Sec. 551.107. CONSUMER RIGHTS & REMEDIES. (a) A consumer may

bring an action against a developer or deployer that violates

Subchapter B with respect to the consumer.

(b) If the consumer proves that the developer or deployer

violated this chapter with respect to the consumer, the consumer

is entitled to recover:

(1) declaratory relief under Chapter 37, Civil Practice

and Remedies Code, including costs and reasonable and necessary

attorney’s fees under Section 37.009; and

(2) injunctive relief.

(c) If a developer or deployer fails to promptly comply with

a court order in an action brought under this section, the court

shall hold the developer or deployer in contempt and shall use all

lawful measures to secure immediate compliance with the order,

including daily penalties sufficient to secure immediate

compliance.

(d) A consumer may bring an action under this section

regardless of whether another court has enjoined the attorney

general from enforcing this chapter or declared any provision of

this chapter unconstitutional unless that court decision is

binding on the court in which the action is brought.

(e) Nonmutual issue preclusion and nonmutual claim preclusion

are not defenses to an action brought under this section.

(f) A consumer may appeal a consequential decision made by a

high-risk artificial intelligence system regardless of whether the

decision was made with human oversight or not. Any affected person

subject to a decision which is taken by the deployer on the basis

of the output from a high-risk artificial intelligence system which

produces legal effects or similarly significantly affects that

person in a way that they consider to have an adverse impact on

their health, safety or fundamental rights shall have the right to

obtain from the deployer clear and meaningful explanations of the

role of the high-risk artificial intelligence system in the

decision-making procedure and the main elements of the decision

taken.

SUBCHAPTER D. CONSTRUCTION OF CHAPTER; LOCAL PREEMPTION

Sec. 551.151. CONSTRUCTION OF CHAPTER. This chapter may not

be construed as imposing a requirement on a developer, a deployer,

or other person that adversely affects the rights or freedoms of

any person, including the right of free speech.

Sec. 551.152. LOCAL PREEMPTION. This chapter supersedes and

preempts any ordinance, resolution, rule, or other regulation

adopted by a political subdivision regarding the use of high-risk

artificial intelligence systems.

CHAPTER 552. ARTIFICIAL INTELLIGENCE REGULATORY SANDBOX

PROGRAM

SUBCHAPTER A. GENERAL PROVISIONS

Sec. 552.001. DEFINITIONS. In this chapter:

(1) “Applicable agency” means a state agency responsible

for regulating a specific sector impacted by an artificial

intelligence system.

(2) “Consumer” means a person who engages in

transactions involving an artificial intelligence system or is

directly affected by the use of such a system.

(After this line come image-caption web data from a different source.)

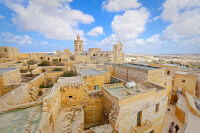 Malta & Sicily ~ Islands of the Ancient Mediterranean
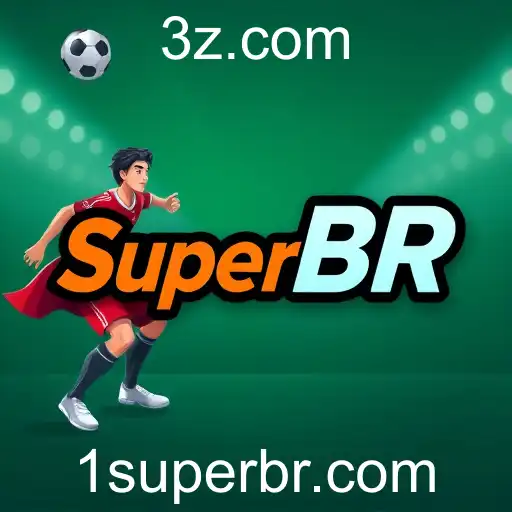 A Ascensão do Superbr no Cenário Global de Jogos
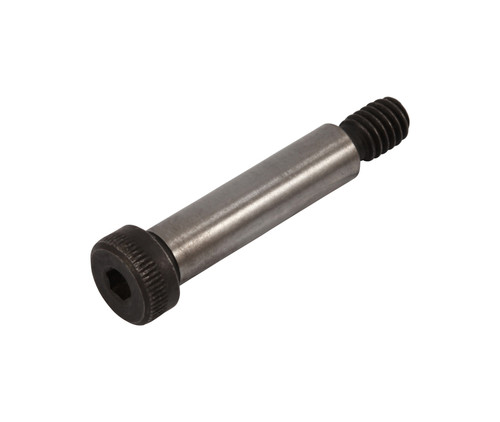 JLG Part # 8310104 | SCREW-SCH SHR-.375-1.500-ZINC, EA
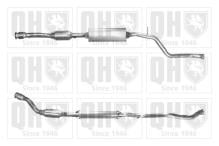 QUINTON HAZELL QCAT90917H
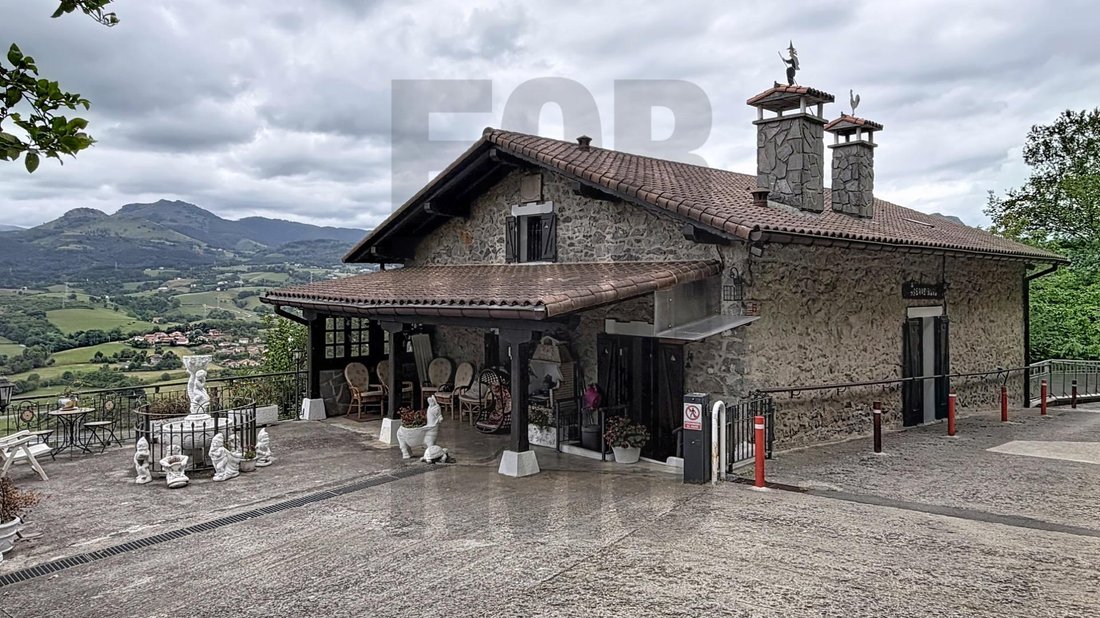 House in Hernani, Basque Country, Spain 1 - 18324210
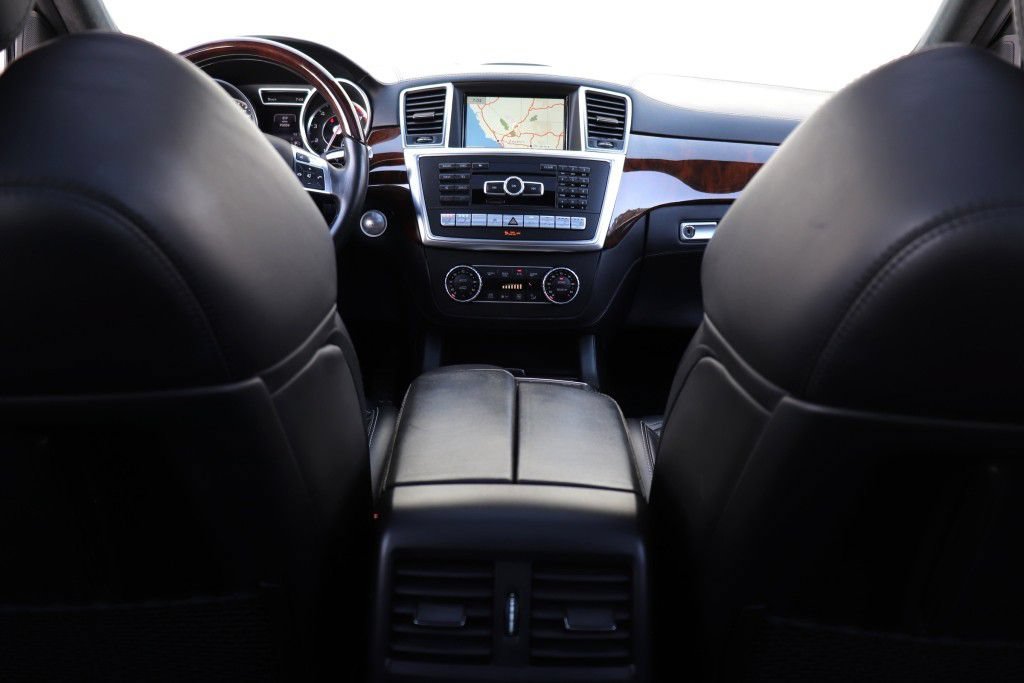 Used 2014 Mercedes-Benz GL 63 AMG 4MATIC image 76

(3) “Council” means the Artificial Intelligence

Council established by Chapter 553.

(4) “Department” means the Texas Department of

Information Resources.

(5) “Program participant” means a person or business

entity approved to participate in the sandbox program.

(6) “Sandbox program” means the regulatory framework

established under this chapter that allows temporary testing of

artificial intelligence systems in a controlled, limited manner

without full regulatory compliance.

SUBCHAPTER B. SANDBOX PROGRAM FRAMEWORK

Sec. 552.051. ESTABLISHMENT OF SANDBOX PROGRAM. (a) The

department, in coordination with the council, shall administer the

Artificial Intelligence Regulatory Sandbox Program to facilitate

the development, testing, and deployment of innovative artificial

intelligence systems in Texas.

(b) The sandbox program is designed to:

(1) promote the safe and innovative use of artificial

intelligence across various sectors including healthcare, finance,

education, and public services;

(2) encourage the responsible deployment of artificial

intelligence systems while balancing the need for consumer

protection, privacy, and public safety; and

(3) provide clear guidelines for artificial intelligence

developers to test systems while temporarily exempt from certain

regulatory requirements.

Sec. 552.052. APPLICATION PROCESS. (a) A person or business

entity seeking to participate in the sandbox program must submit

an application to the council.

(b) The application must include:

(1) a detailed description of the artificial

intelligence system and its intended use;

(2) a risk assessment that addresses potential impacts

on consumers, privacy, and public safety;

(3) a plan for mitigating any adverse consequences

during the testing phase; and

(4) proof of compliance with federal artificial

intelligence laws and regulations, where applicable.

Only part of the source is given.